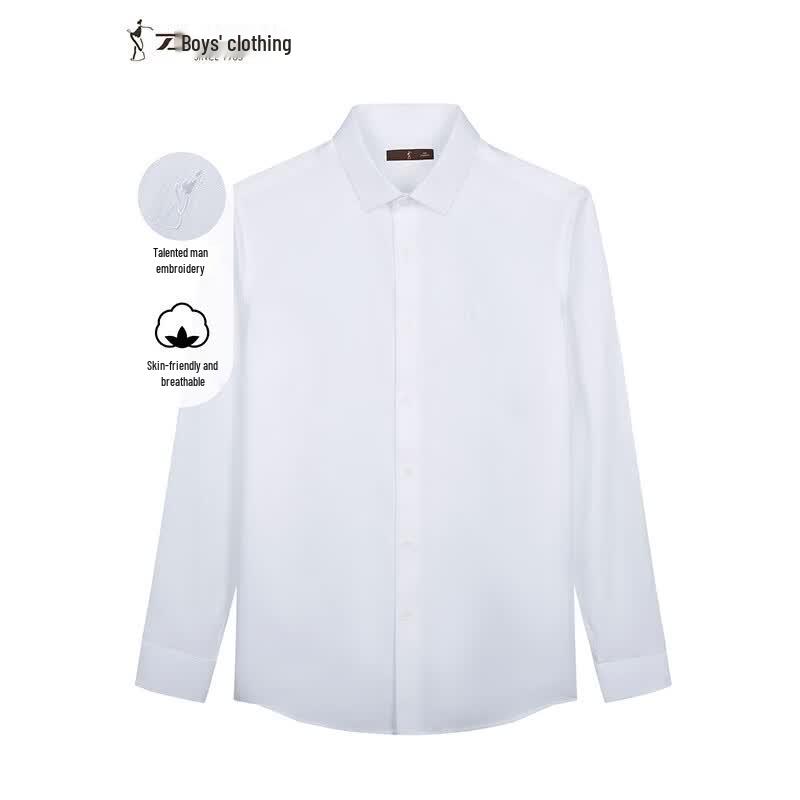 Men's 100% Cotton Embroidered Stripe Business Long-Sleeve Shirt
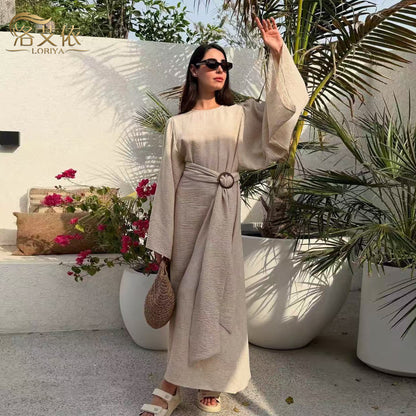 Elegant Belted Wide-Sleeve Maxi Dress for Women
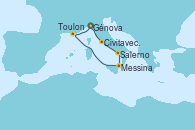 Visitando Génova (Italia), Civitavecchia (Roma), Salerno (Italia), Messina (Sicilia), Toulon (Francia), Génova (Italia)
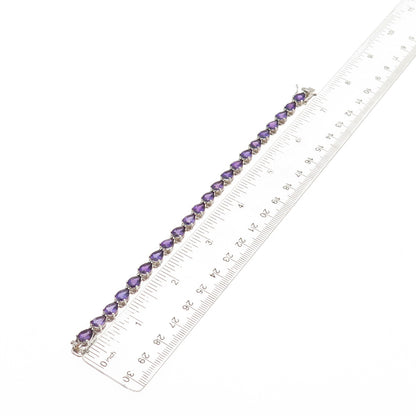 925 Sterling Silver Vintage Real Pear-Cut Amethyst Teardrop Link Bracelet 7"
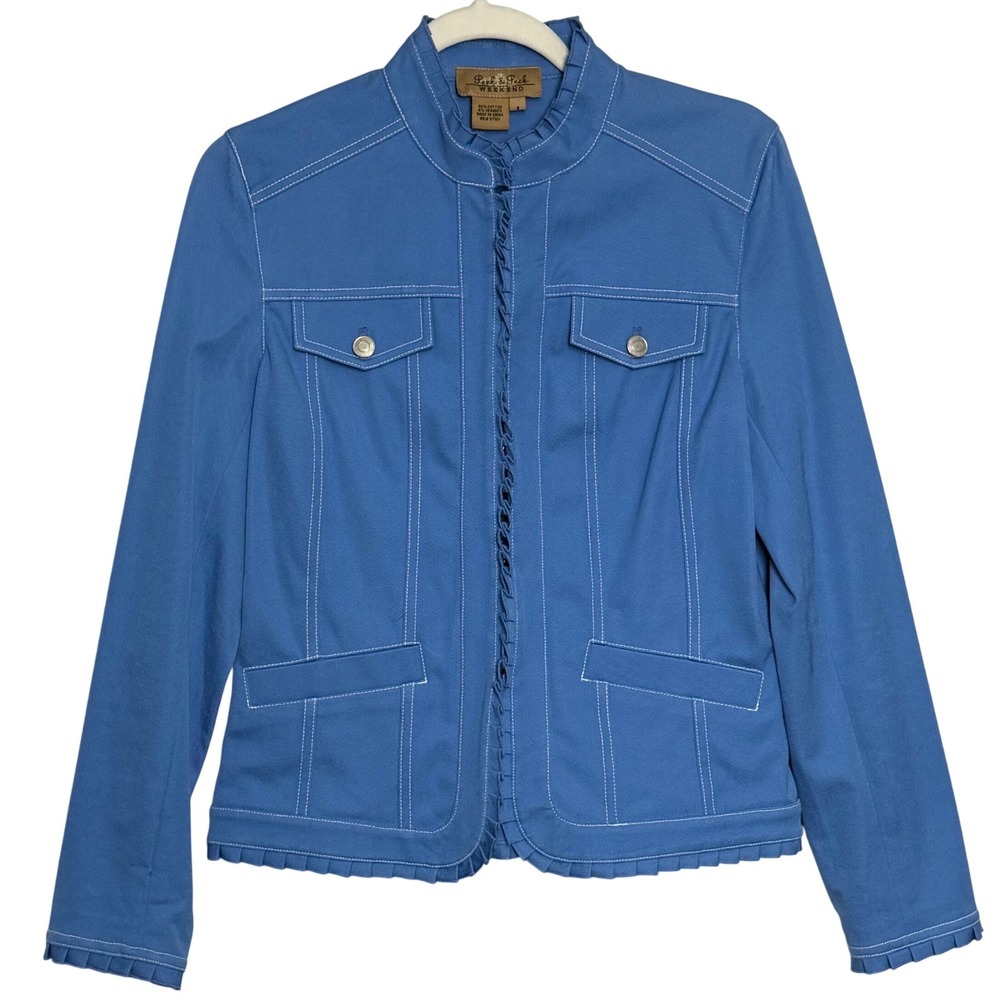 Peck & Peck Weekend Blue Utility‎ Jacket Ruffle Trim Size 4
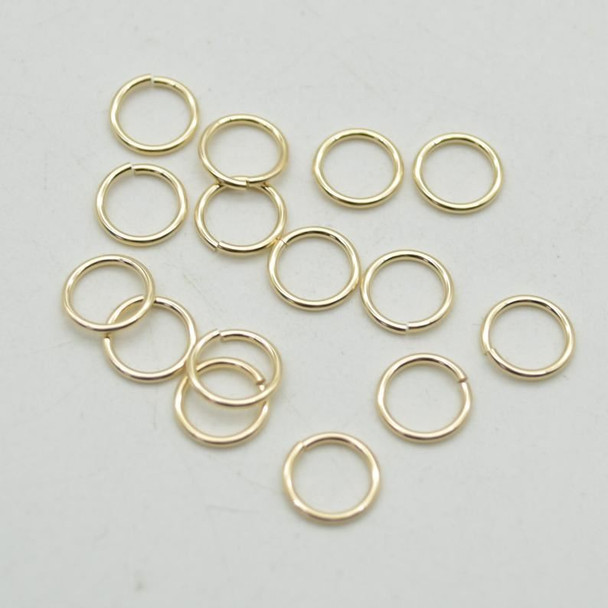 14K Gold Filled Findings - Gold Filled Click and Lock Jump Ring - 0.89mm x 8mm - 10 or 20 Count - Made in USA
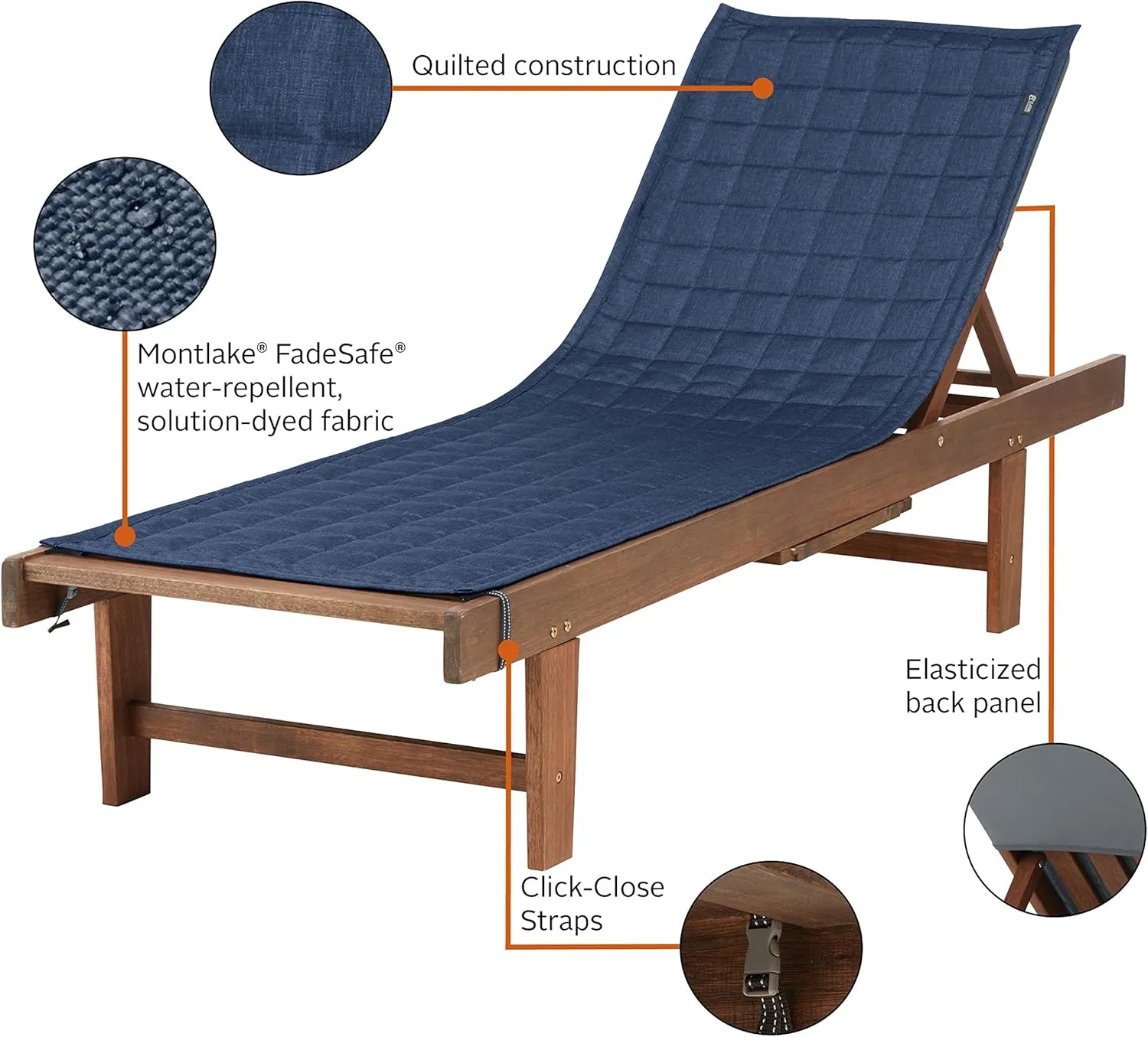 Classic Accessories Montlake Water-Resistant 80 Inch Patio Chaise Lounge Slipcover, Heather indigo, Patio Furniture Covers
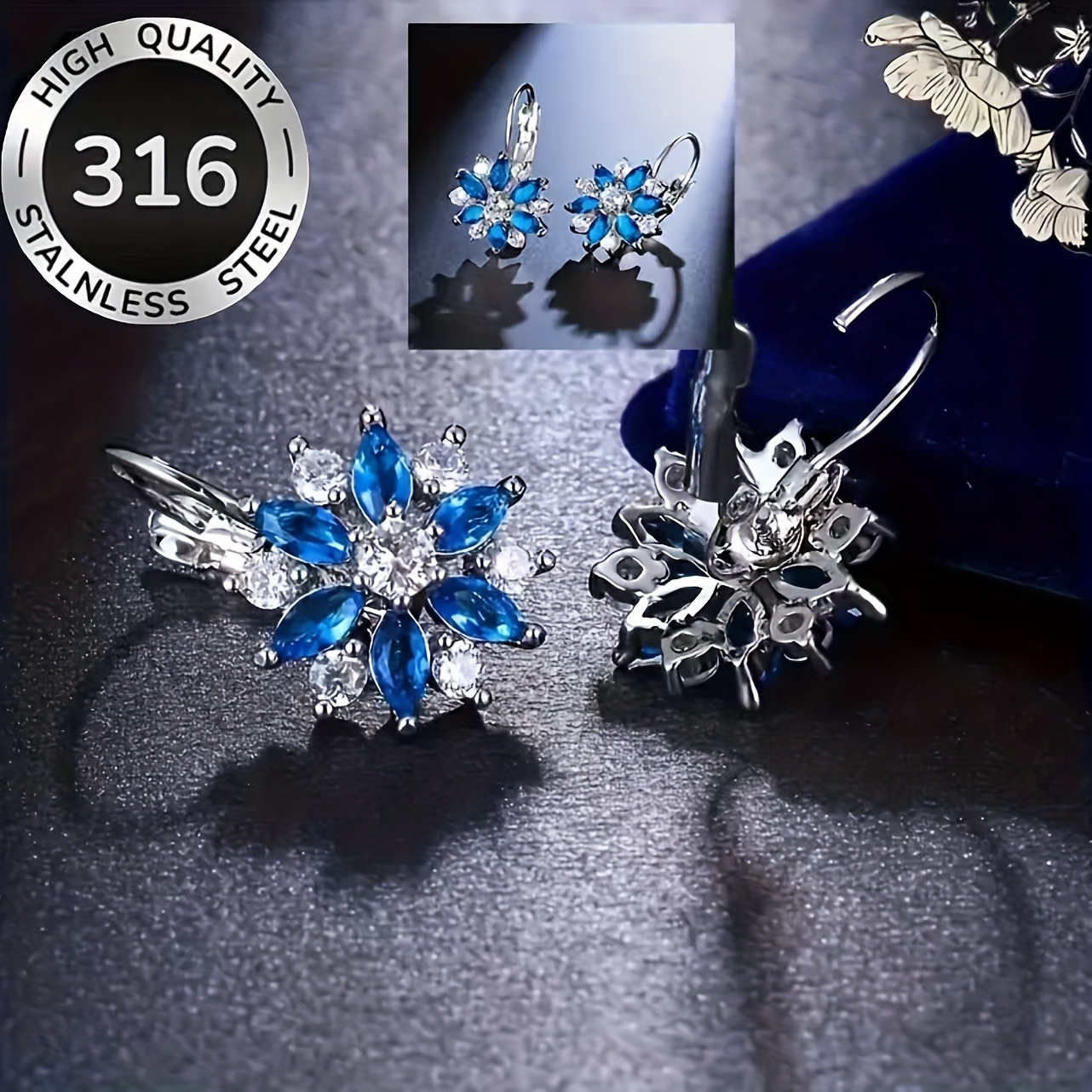 TEMU 1 Pair High-quality White Snowflake Ear Studs, Luxurious Winter Floral Ear Piercings, Elegant Fashion Style, Suitable For Daily Wear, Birthday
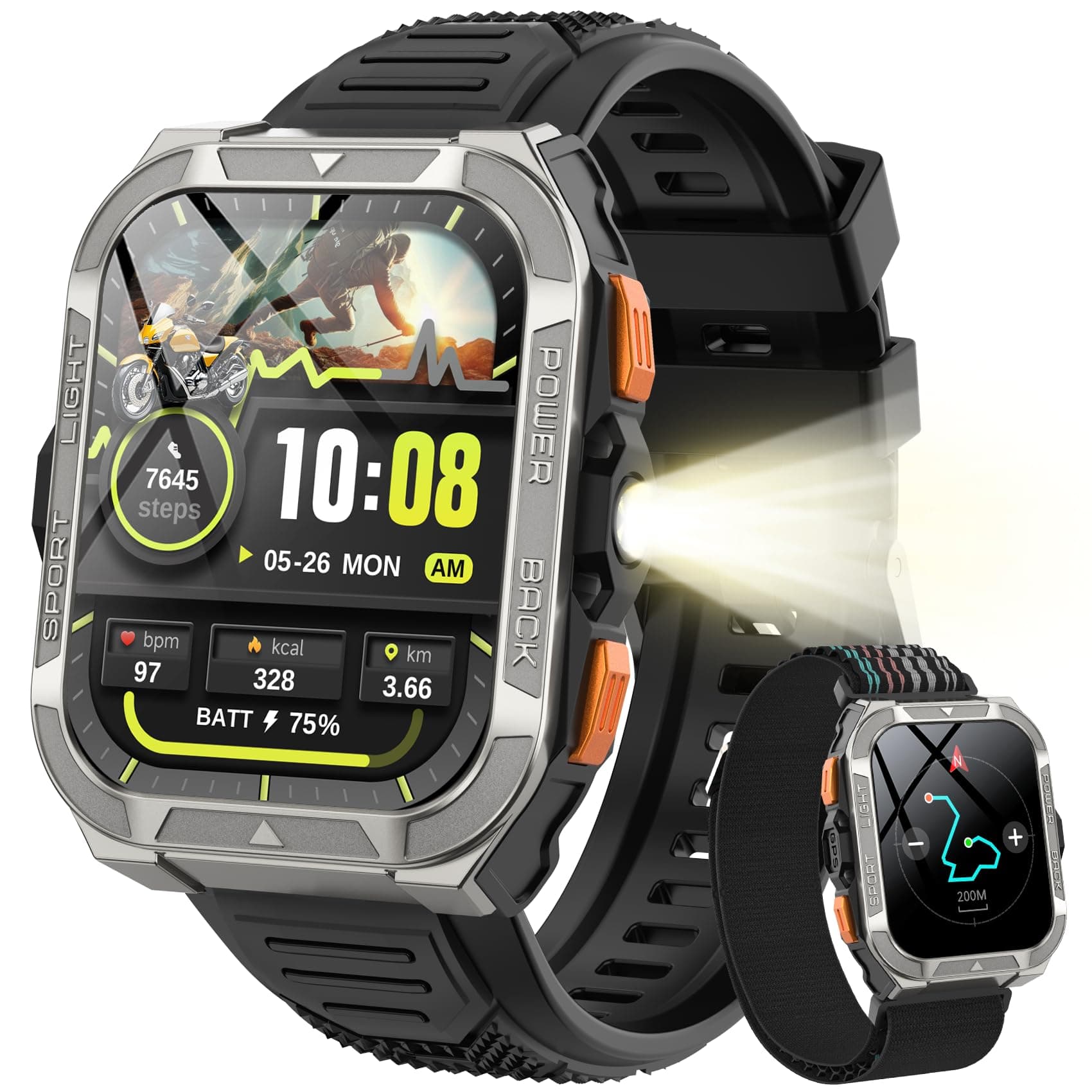 Blackview Montre Connectée Homme Militaire, Smartwatch GPS, Anthracite | Cadeau Homme, ChatGPT 13 Langues, Appel Bluetooth, IP68, 150+ Sports, Cardio SpO2, 900mAh, 2 Bracelets, Android iOS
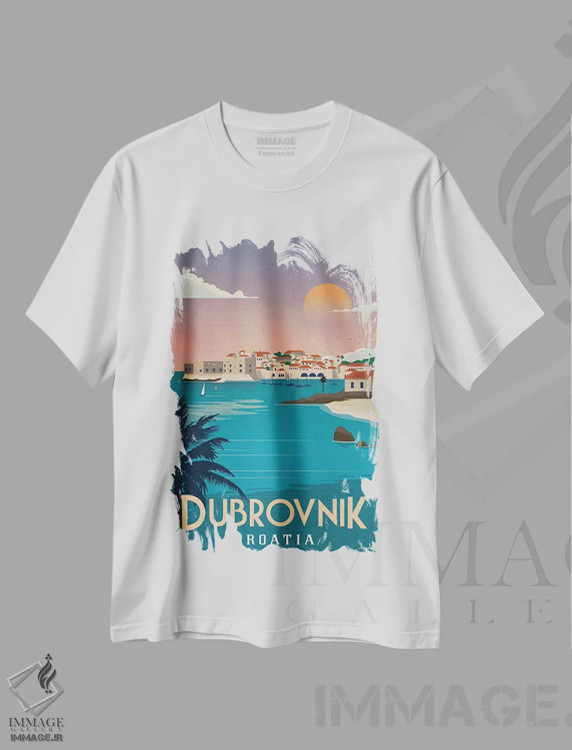 تیشرت سفید طرح دار دوبروونیک، هنر دیجیتال اثر ایدیااستورم استودیوز | فروشگاه ایماژ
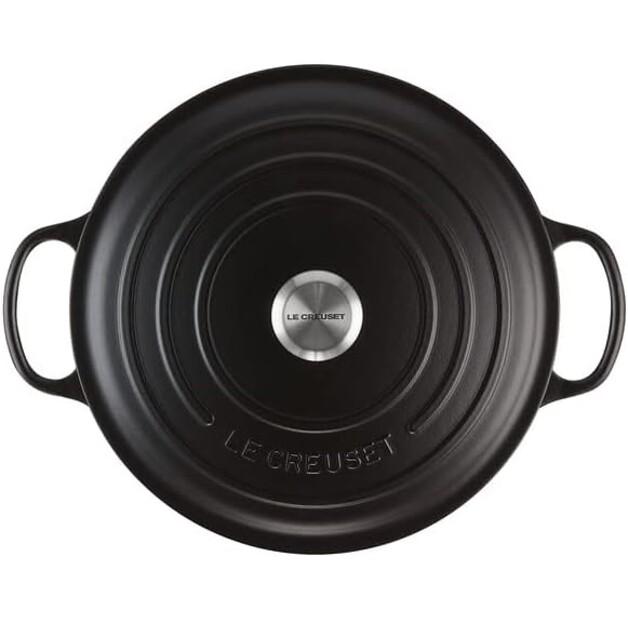 Жаровня Le Creuset Signature Gourmet круглая 30 см чёрная глянцевая 6,2 л (21179300000430)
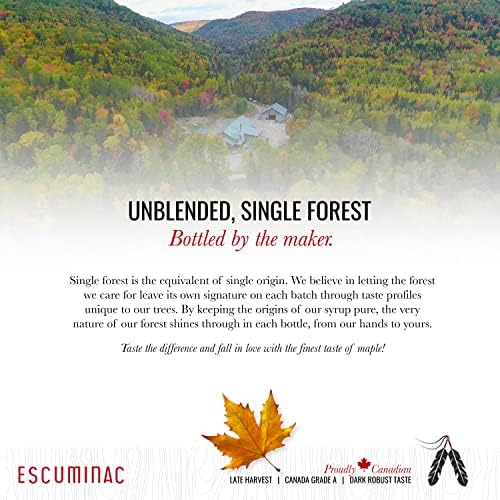 Escuminac Very Dark Canadian Maple Syrup Family Size 1L (33.8 fl oz) Canada Grade A - Strong Taste For Cooking – Pure, Organic, Single Origin, Unblended.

> [Work to be completed]: A clean copy is needed of the lines in the listing above from the one with "Elegant Belted Wide-Sleeve" through the one with "Peck & Peck", exact in every word and free of pictures.

> [Task solution]:
 Elegant Belted Wide-Sleeve Maxi Dress for Women
 Visitando Génova (Italia), Civitavecchia (Roma), Salerno (Italia), Messina (Sicilia), Toulon (Francia), Génova (Italia)
 925 Sterling Silver Vintage Real Pear-Cut Amethyst Teardrop Link Bracelet 7"
 Peck & Peck Weekend Blue Utility‎ Jacket Ruffle Trim Size 4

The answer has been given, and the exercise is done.